Python’s lists are dynamic. You do not need to declare their length ahead of time, and you can add to them at any time. How does Python manage memory for a list when it doesn’t know how long your list is going to be? It allocates a little extra room at the end of the list, in case you end up adding some more items. Most of the time this makes your list operations fast, but it can catch you off-guard if you don’t think through some operations carefully.
Consider an example where you want to work through a long list, popping items until the list is empty:
numbers = [x for x in range(0, 100000)]
while len(numbers) > 0:
number = numbers.pop()
print number
This code makes a simple list of 100,000 numbers. It then removes the numbers one at a time from the end of the list, and prints each number as it is removed. When I time this program on my computer, it takes roughly 1.3 seconds.
Now let’s try the exact same program, except each item will be popped from the beginning of the list instead of the end of the list:
numbers = [x for x in range(0, 100000)]
while len(numbers) > 0:
number = numbers.pop(0)
print number
This program takes twice as long! The difference is even more significant if you use a longer list.
Why does it take so long? Python is constantly moving all of the items in the list, since lists are more optimized for adjustments at the end of the list than they are at the beginning.
An efficient solution
How can you do this more efficiently? Since the goal is to work through each item from the beginning of the list, you can reverse the list before popping its items. Then you can pop from the end of the list, which is efficient, and still work through items in the order you intended to:
numbers = [x for x in range(0, 100000)]
numbers.reverse()
while len(numbers) > 0:
number = numbers.pop()
print number
The reverse() operation takes a negligible amount of time to run, so this version takes rougly 1.3 seconds again.

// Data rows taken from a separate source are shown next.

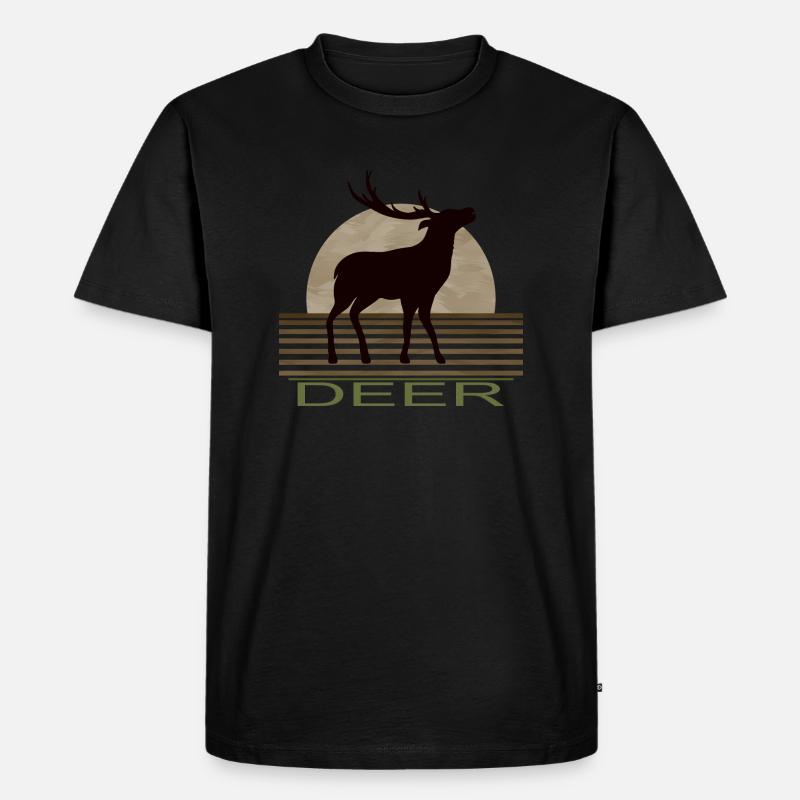 Hirsch - Männer Premium Bio T-Shirt - Schwarz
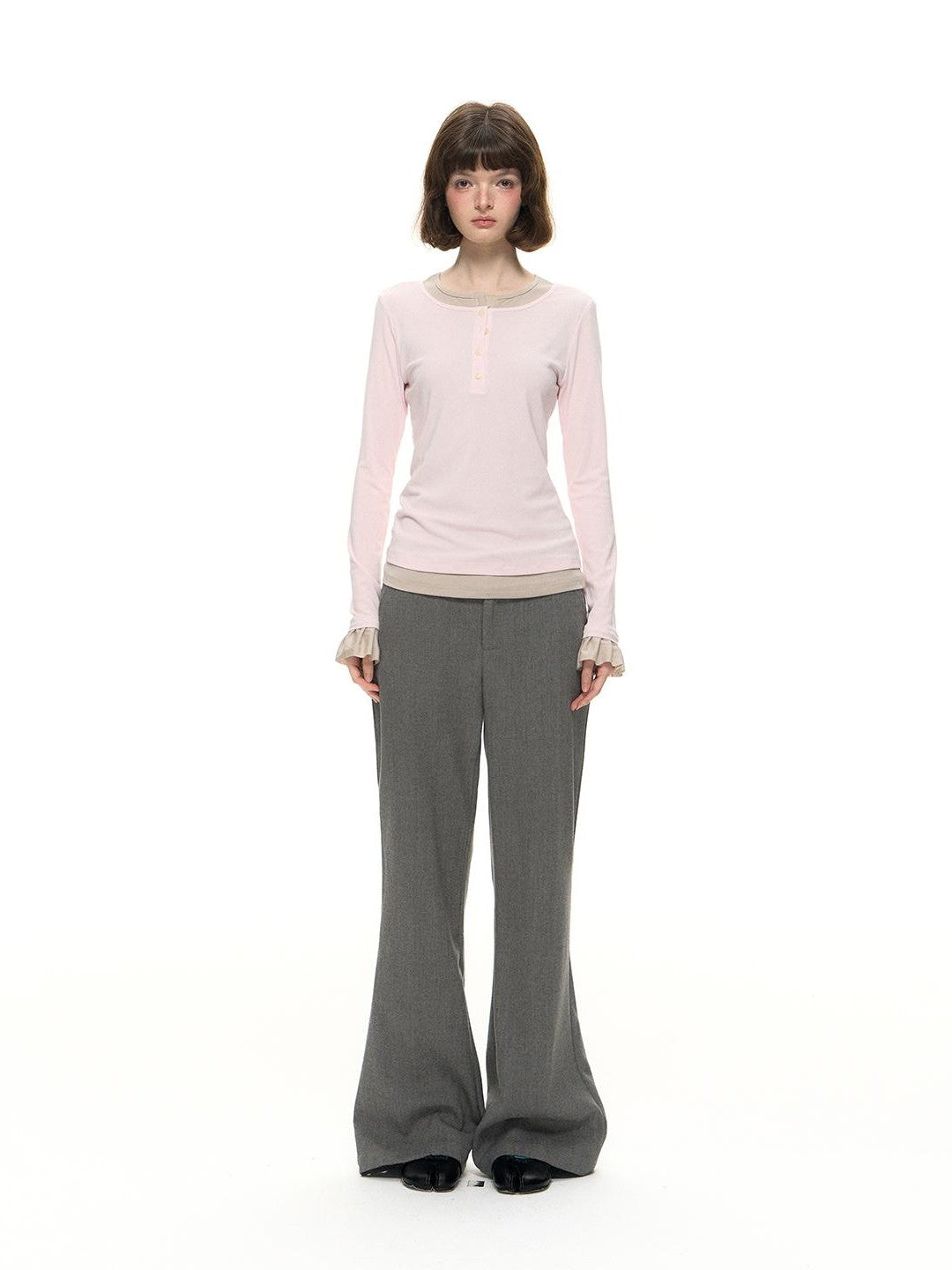 Romance Nanci Gray Detachable Bow Micro Flare Women's Polyester Blend Tailored Pants
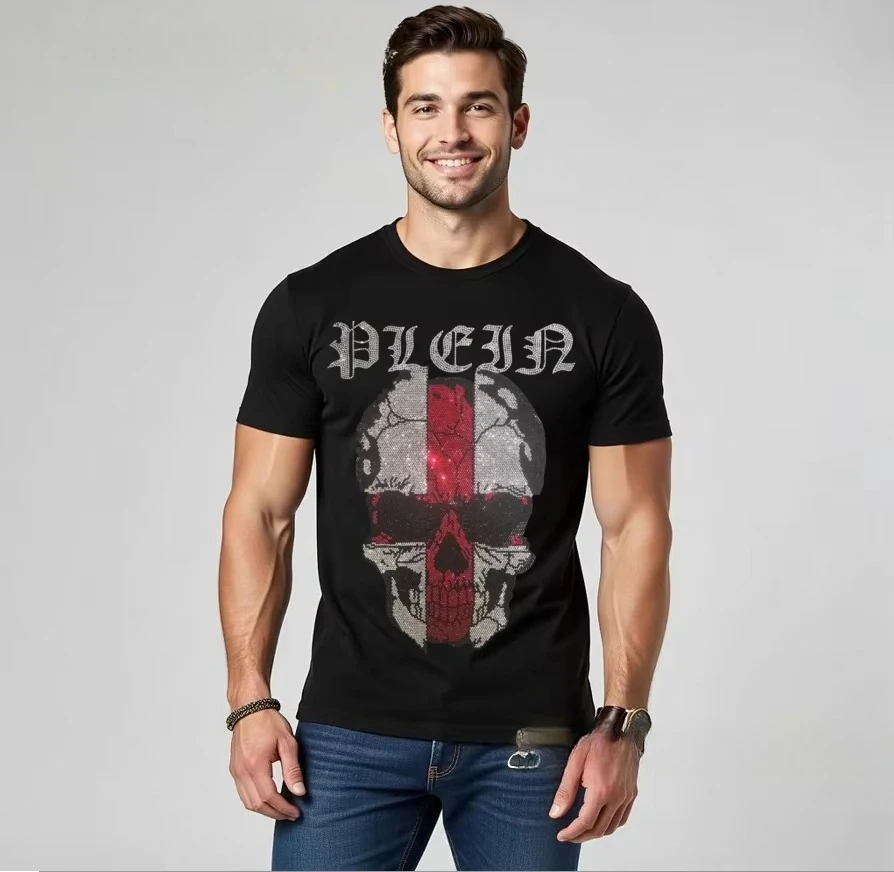 2026 Neues Cooles Luxus-Kristall-Strass-Herren-T-Shirt aus Reiner Baumwolle mit O-Ausschnitt, Kurzarm, Sommer-Street-Style, Weich und Bequem – Detail 2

The takeaway? If you are looking at performance issues, understanding how Python manages memory can be really helpful in making optimizations.
peak 5390 
You can also use a deque and have your long list be a generator statement.
Nice post!
A thought:
reverse() also take o(n) time to run. It is optimized and no doubt better than rewriting a function which does reverse (as you do in your example), but if you want to continually be popping from the beginning, then deque is great.
PS. For a great example of this to use in class — compare deque to a normal list when implementing merge-sort!